Thread: Help normalizing table(s)
Hello everyone, First let me start off by saying that the situation I'm dealing with is very complex. Here's the scoop: I receive a stream of data from one of our internal servers, which I put into a textfile. The fields are separated by pipes and records by newline characters. As of now, I'm loading the data via Perl DBI into a table. The catch is: each record has 502 fields and I receive about 100,000 records per hour. I need to make these records searchable via a web interface for the user. With that said, I have almost everything working, but have hit a brick wall with the searching. I am currently using MySQL to store the data (not by choice...the users left to maintain this only know how to use MySQL). Because of the type of data this is (cellular calls) it has become very difficult to keep the records unique. Most of the 502 fields cannot be "unique" fields because of the replicated data that must exist in each record. There are 3 fields that combined can make a unique key - something like the following 2002101411-54738-107 - the first 10 digits are the date, the second are a call sequence number assigned to the call and the third is the tower it took place on. There's a catch to just using the call sequence number, as it starts over again after it hits 1 million. My solution to this is to store the data in tables by hour. This keeps the tables relatively small (50-100K records) and helps with searching.
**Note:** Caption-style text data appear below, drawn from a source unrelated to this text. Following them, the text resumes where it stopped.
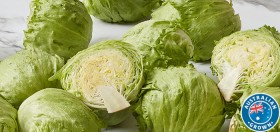 Australian-Iceberg-Lettuce on sale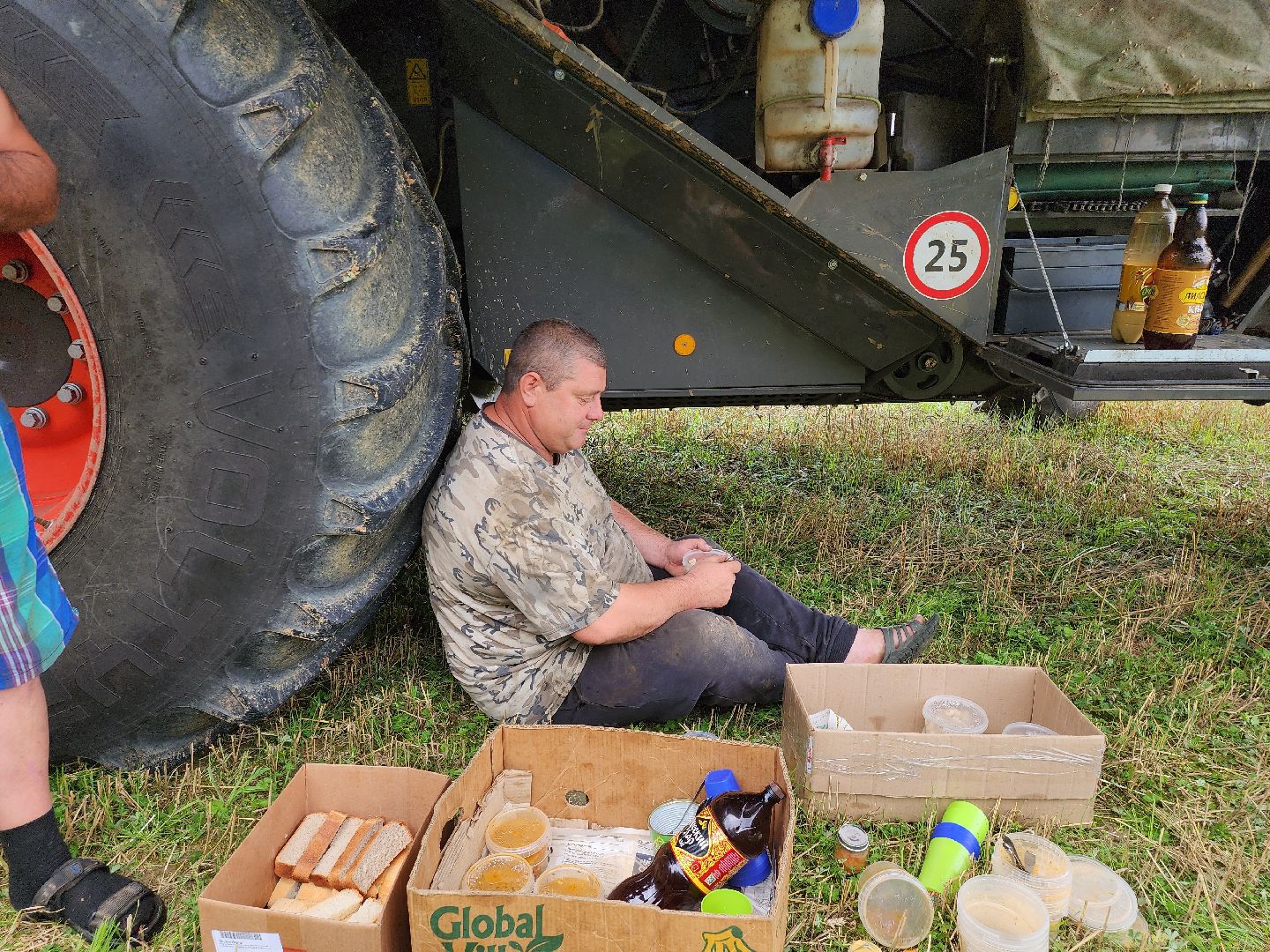 Уборка озимых, Барыбино, Домодедово
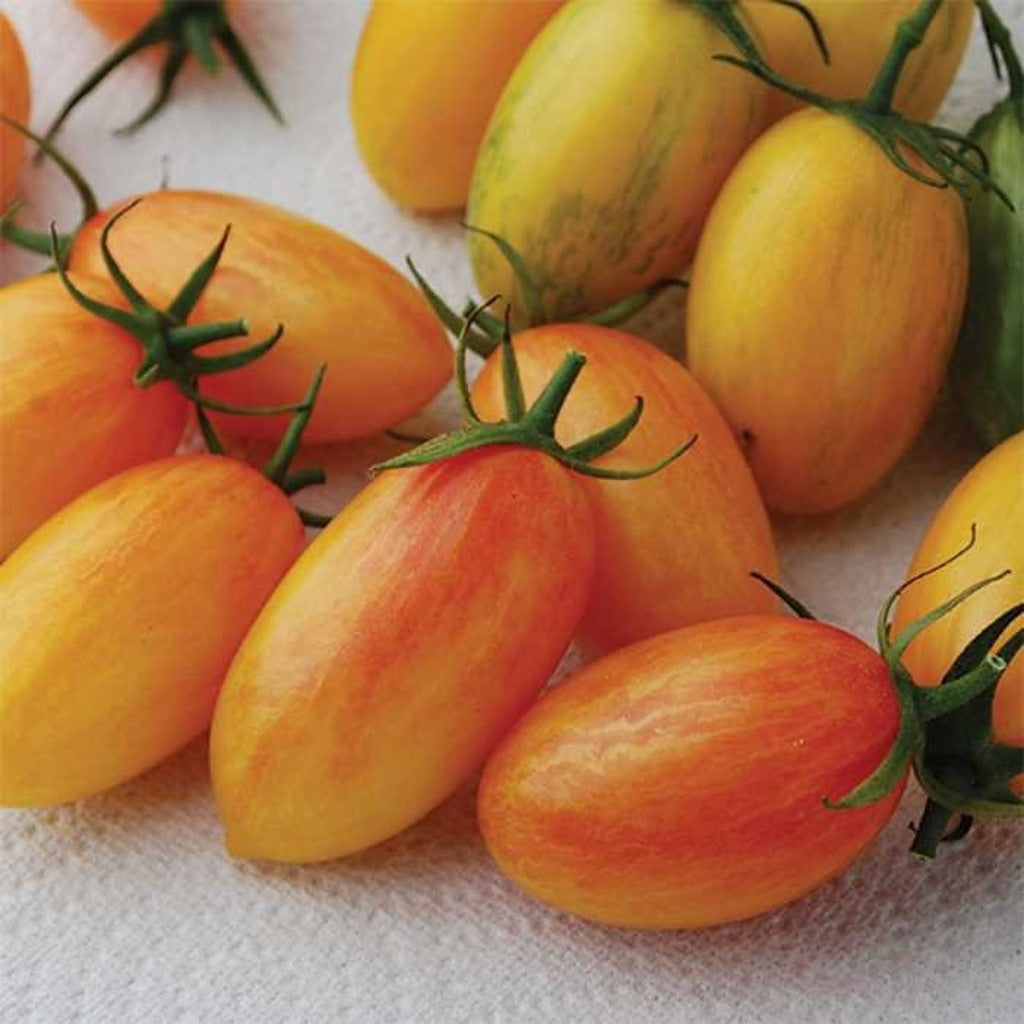Blush Tomato Seeds – Heirloom Striped Orange-Yellow Plum, Open Pollinated, 25 Count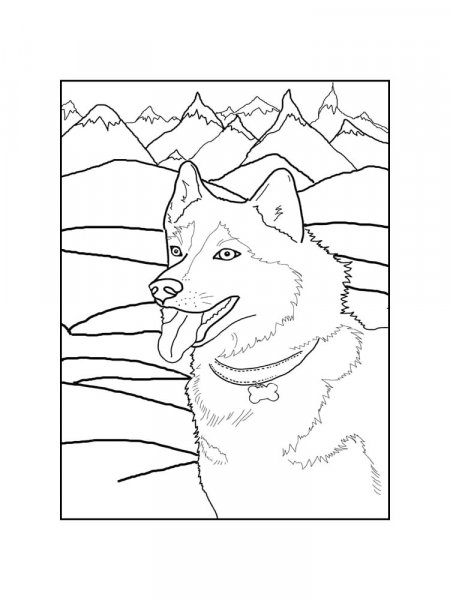 Dogs coloring pages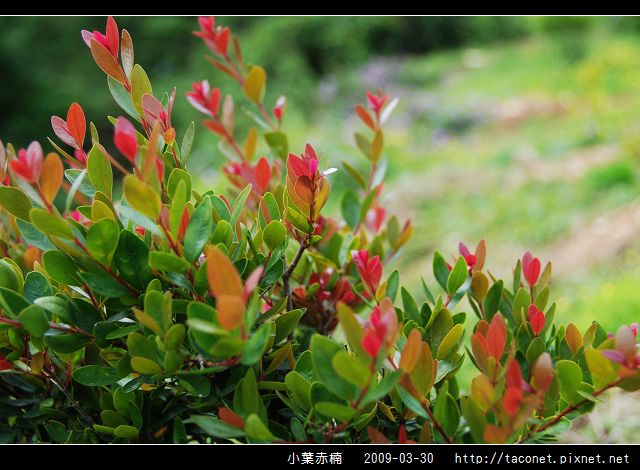 小葉赤楠_01.jpg 小葉赤楠_01.jpg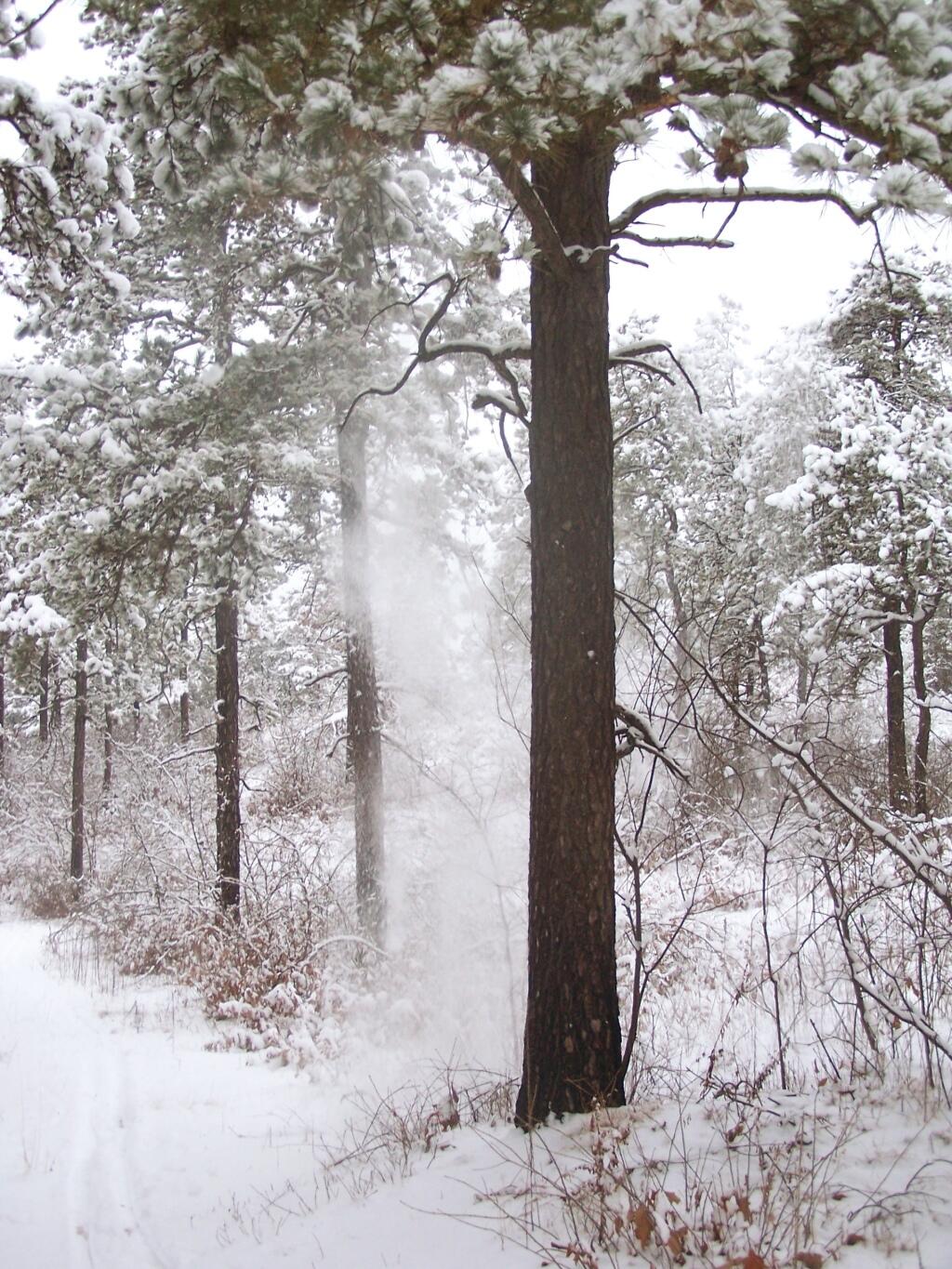 Photo: Snow Falls of a Tree Photo: Snow Falls of a Tree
Now on to the real questions: I need to be able to search more than one table at a time, but just "union"ing the queries isn't a very good option as some users want to search 48 hours worth of data.....that would result in 48 unioned queries!!!! My solution to this so far is to take the fields that the users are searching on (only about 7) and stuffing them into a "master" table along with a unique identifier (bigint). I attach the same unique key to the table with the remaining data so I can join them and retrieve stuff later. This will allow the actually searching to be done on the smaller table and then if results are found get the data from the larger table. How do I keep this table rather small (1 million records or so) and still be able to search archived data? Are there any other ways that I can do this? Any help is appreciated!!! Kevin kold@carolina.rr.com
On 17 Oct 2002 at 11:12, Kevin Old wrote: > My solution to this is to store the data in tables by hour. This keeps > the tables relatively small (50-100K records) and helps with searching. > > Now on to the real questions: > > I need to be able to search more than one table at a time, but just > "union"ing the queries isn't a very good option as some users want to > search 48 hours worth of data.....that would result in 48 unioned > queries!!!! > How do I keep this table rather small (1 million records or so) and > still be able to search archived data? Are there any other ways that I > can do this? Why do I feel that you are using my design? Probably because you are solving same problem as I am solving..:-) In postgresql, you can inherit a table from another table. You can query on base table and gather rows from child table. So make an empty base table, make each hourly table child of base table and query on base table. It will take care of everything. Remove the hourly table after 48 hours.. Bye Shridhar -- Killing is wrong. -- Losira, "That Which Survives", stardate unknown
On Thu, Oct 17, 2002 at 09:24:59PM +0530, Shridhar Daithankar wrote: > On 17 Oct 2002 at 11:12, Kevin Old wrote: > > > My solution to this is to store the data in tables by hour. This keeps > > the tables relatively small (50-100K records) and helps with searching. > In postgresql, you can inherit a table from another table. You can query on > base table and gather rows from child table. So make an empty base table, make > each hourly table child of base table and query on base table. It will take > care of everything. Remove the hourly table after 48 hours.. What will happen when you want to look at the last 24 hours and not 48? And if somebody want to look at the last 72 hours? I think this is not a good idea. And I know this because I did the same thing some time ago, and it was so huge a PITA that I eventually ended merging all the tables into one. -- Alvaro Herrera (<alvherre[@]dcc.uchile.cl>) "When the proper man does nothing (wu-wei), his thought is felt ten thousand miles." (Lao Tse)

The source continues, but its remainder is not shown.